United States Senate
Washington, D.C. 20510-2904
January 25, 1999
1737 21st Street, N.W.
Washington, D.C. 20009
Dear Dean and Mark:
Thank you for your letter of January 22, regarding Social Security reform proposals. I appreciate the opportunity to respond.
In your first paragraph, you state that proponents of individual account proposals "conventionally assume that money from these accounts which is invested in the stock market will earn a considerably higher real rate of return, usually 7.0 percent a year, than that available from government bonds." You further go on to state that "it seems incumbent on the proponents of such plans to produce an equally detailed description of their assumptions on stock returns."
I am pleased to do so. You will find the assumptions on page 171 of Volume 1 of the 1994-96 Social Security Advisory Council report.
I would hasten to point out that the plan I have sponsored remains solvent regardless of the rate of return that individuals receive on investment in stocks. This is not true of some other personal account plans, nor is it true of plans that would invest the Social Security Trust Fund in the equities market. In its December 1998 report the Congressional Research Service found that when the same conservative rates of return that were employed under our plan were also applied to the Ball plan, the latter failed to reach solvency. It is the government investment plans, much more frequently than the personal account plans, that rely explicitly on high rate of return assumptions to bridge Social Security's solvency gap.
It seems fair, therefore, to interpret your letter as indicating that you would oppose the plans from Robert Ball, Henry Aaron, and Robert Reischauer, which rely specifically upon higher assumed rates of return from government investment in stocks in order to produce a solvent Social Security system.

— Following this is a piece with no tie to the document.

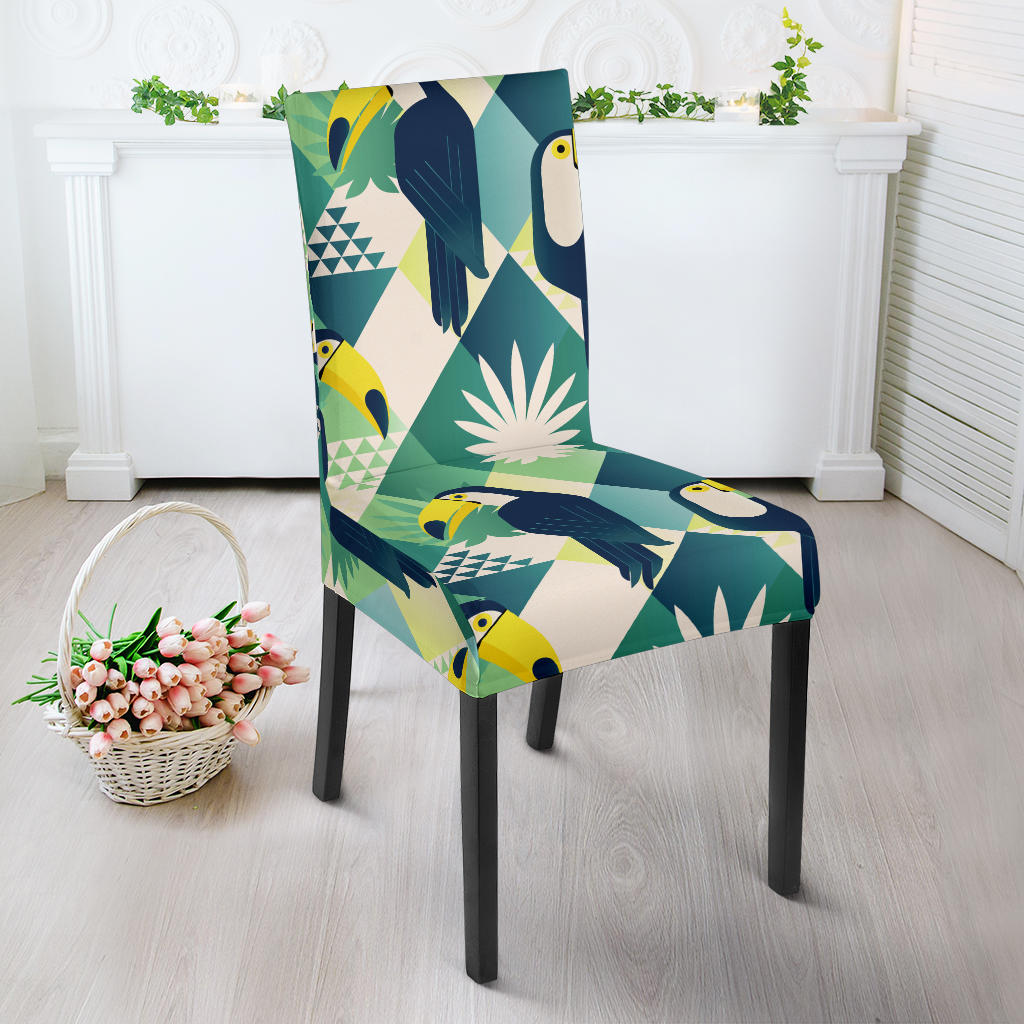 Toucan Tropical Leaves Design Pattern  Dining Chair Slipcover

If, as your letter indicates, you oppose reliance upon such assumptions, it must therefore be the case that you have a plan to enact the requisite changes in benefit or tax levels to restore the Social Security system to solvency without such redirected investment.
I herewith enclose a detailed synopsis of the annual cash-flow characteristics of both current law and the proposal that I introduced with John Breaux, Jim Kolbe, and Charles Stenholm, under the assumptions employed by the Social Security Actuaries. If you would provide me a similar level of detailed analysis of your own proposal, I would be pleased to circulate it among my colleagues in the Senate.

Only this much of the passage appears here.